Tuesday, September 15, 2020

GISS August global down by 0.05°C from July.

The GISS V4 land/ocean temperature anomaly was 0.85°C in August 2020, down from 0.90°C in July. That compares with a 0.049deg;C fall in the TempLS V4 mesh index. Jim Hansen's report is here, discussing how 2020 is becoming less lokely to catch 2016 as hottest year. 2020 had the fourth warmest August in the record, behind 2016, 2017 and 2019.

As usual here, I will compare the GISS and earlier TempLS plots below the jump.

Here is GISS V4


And here is the TempLS V4 LOESS-based plot


This post is part of a series that has now run for seven years. The GISS data completes the month cycle, and is compared with the TempLS result and map. GISS lists its reports here, and I post the monthly averages here.
The TempLS mesh data is reported here, and the recent history of monthly readings is here. Unadjusted GHCN is normally used, but if you click the TempLS button there, it will show data with adjusted, and also with different integration methods. There is an interactive graph using 1981-2010 base period here which you can use to show different periods, or compare with other indices.
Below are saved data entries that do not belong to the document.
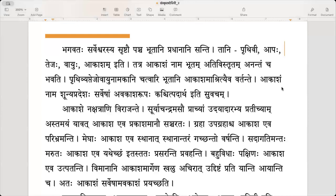Vayu is ukarantha pullingapadam. Akasham is also there — Akashah also is there. Here it is akarantham napunsakalingapadam. Both are correct.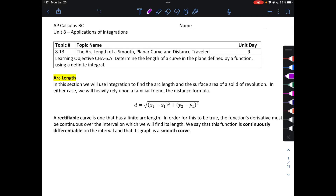Hello, everyone. Thank you for watching my video today. In this video, we're going to take a look at finding the arc length of a smooth planar curve and distance traveled. We'll also take a look at surface area as well.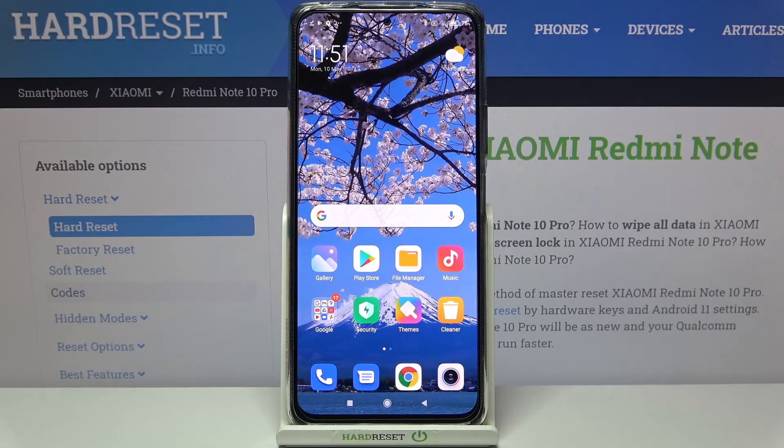Hi everyone, here we've got the Redmi Note 10 Pro and let me share with you how to add a photo to a contact in this device.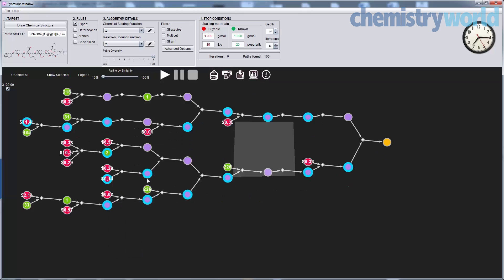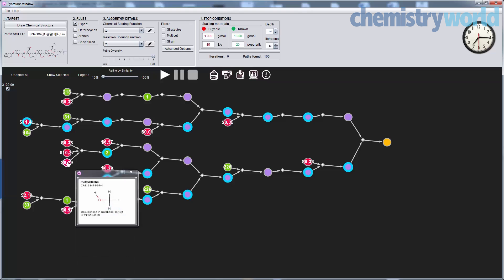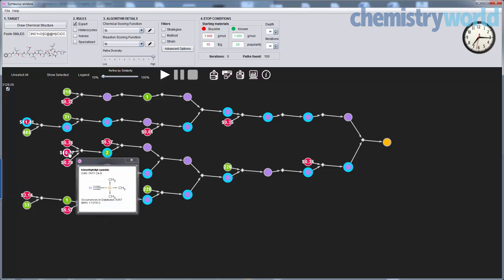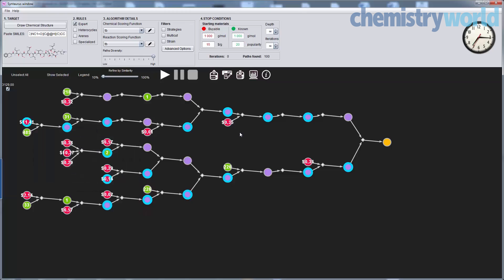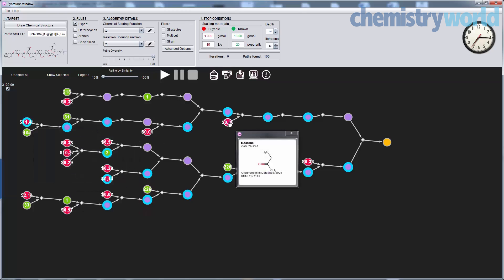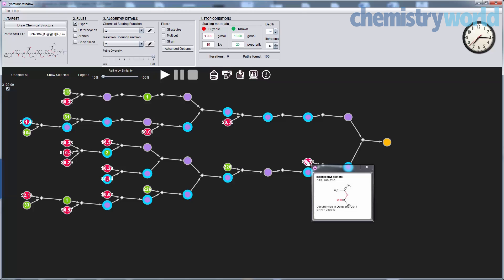We can also display the prices and the popularities of the red nodes — the starting points, the viable materials — and the green ones. The green ones are known somewhere in the literature, and the numbers over them signify how many reactions they were used in before.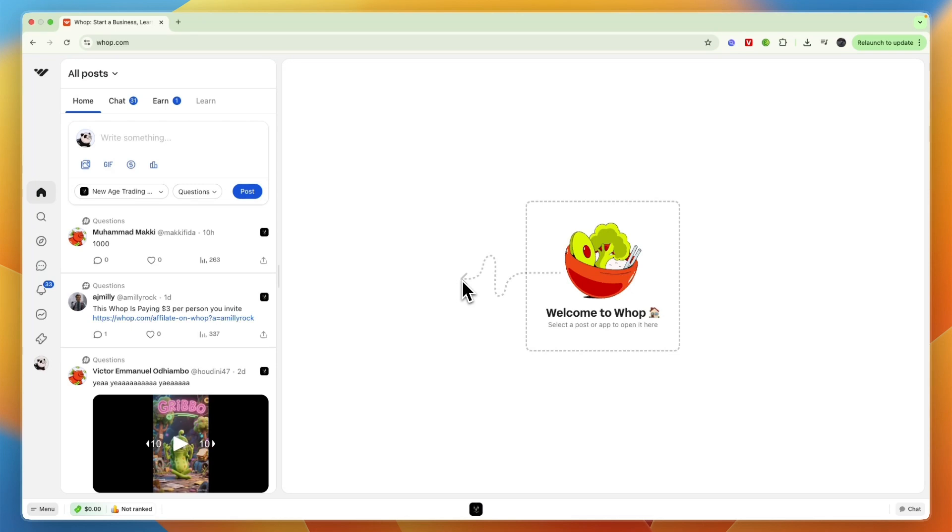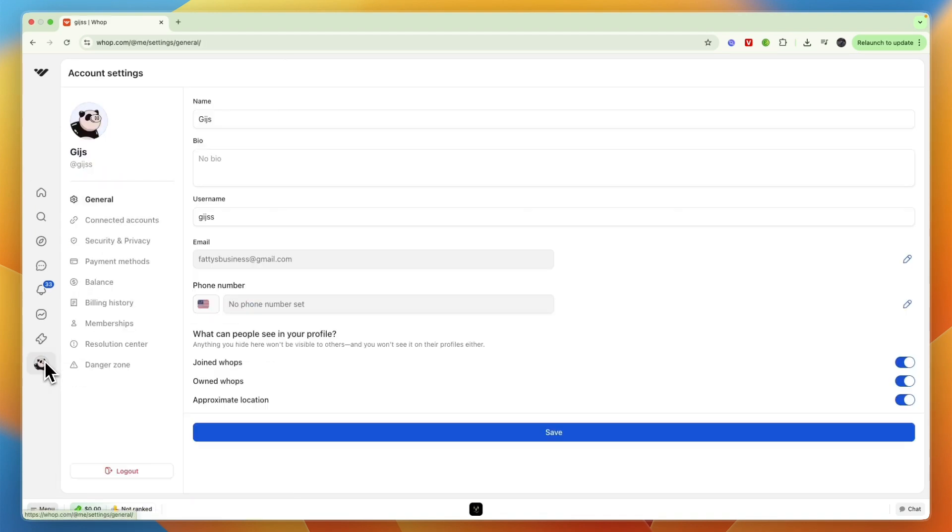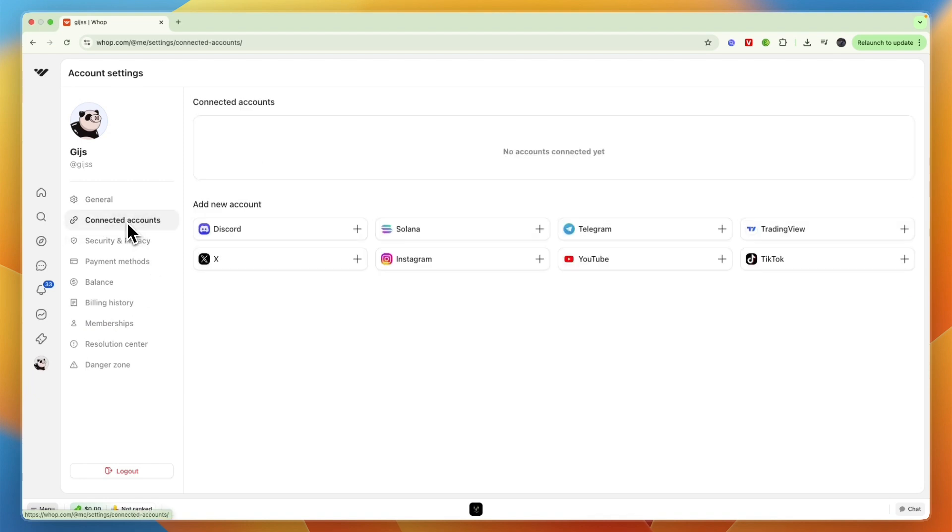In this video, I will show you how to connect Wap to Discord. To do this, open up Wap and in the left menu, click on Profile. Here, go to Connected Accounts, and from here under Add New Account, click on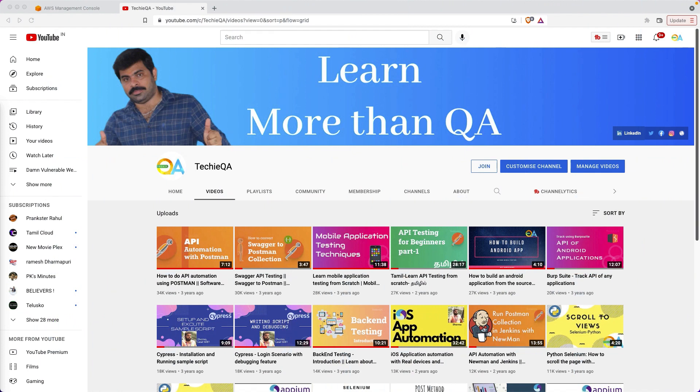Hello everyone, welcome to TechQA channel. After a long time we're back with a new series from TechQA which is DevOps.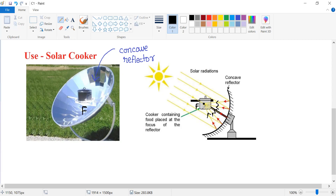So a solar cooker makes use of a concave reflector in this case. Thank you so much for watching this video. I hope you have understood this case.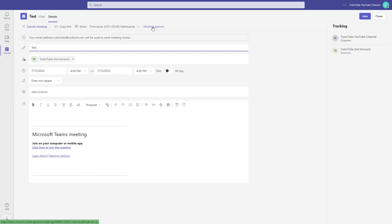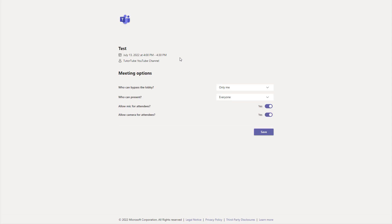You only see it when you click on edit a meeting, then you see the setting. Once that is done, you can click on meeting options right here, and the meeting options opens up. Here you can see the lobby settings.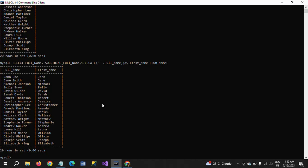We successfully split the first name using the substring and locate functions. The results show: John Doe gives 'John', Jane Smith gives 'Jane', Michael Johnson gives 'Michael', Emily Brown gives 'Emily' — this is how you get the first name from the full_name column.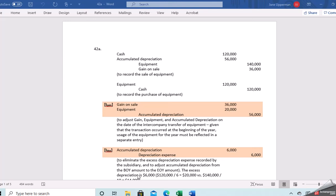Advanced Accounting Chapter 4 deals with intercompany transactions, and problem 42 deals with the sale of equipment. You work for the parent company, and your company acquired the sub on January 1st, 2009. The purchase price was $300,000 in excess of book value, which accounts for $200,000 to a customer list and $100,000 to Goodwill.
There is a general guide to TempLS here.

The reporting cycle starts with a report of the daily reanalysis index on about the 4th of the month. The next post is this, the TempLS report, usually about the 8th. Then when the GISS result comes out, usually about the 15th, I discuss it and compare with TempLS. The TempLS graph uses a spherical harmonics to the TempLS mesh residuals; the residuals are displayed more directly using a triangular grid in a better resolved WebGL plot here.

A list of earlier monthly reports of each series in date order is here:

  1. NCEP/NCAR Reanalysis report
  2. TempLS report
  3. GISS report and comparison with TempLS



1 comment:

  1. I update my prediction for GISS temperature anomaly using data up to Aug20.
    GISS.v4
    SON20 0.99+-0.13
    J-D20 1.02+-0.05
    DJF21 1.01+-0.22
    MAM21 0.99+-0.19
    JJA21 0.95+-0.15

    Now the prediction gives a 53 % chance of a new record this year.
    Note that this may be on the high side if a La Nina develops, because it still does not use newer ENSO data yet (only old MEI).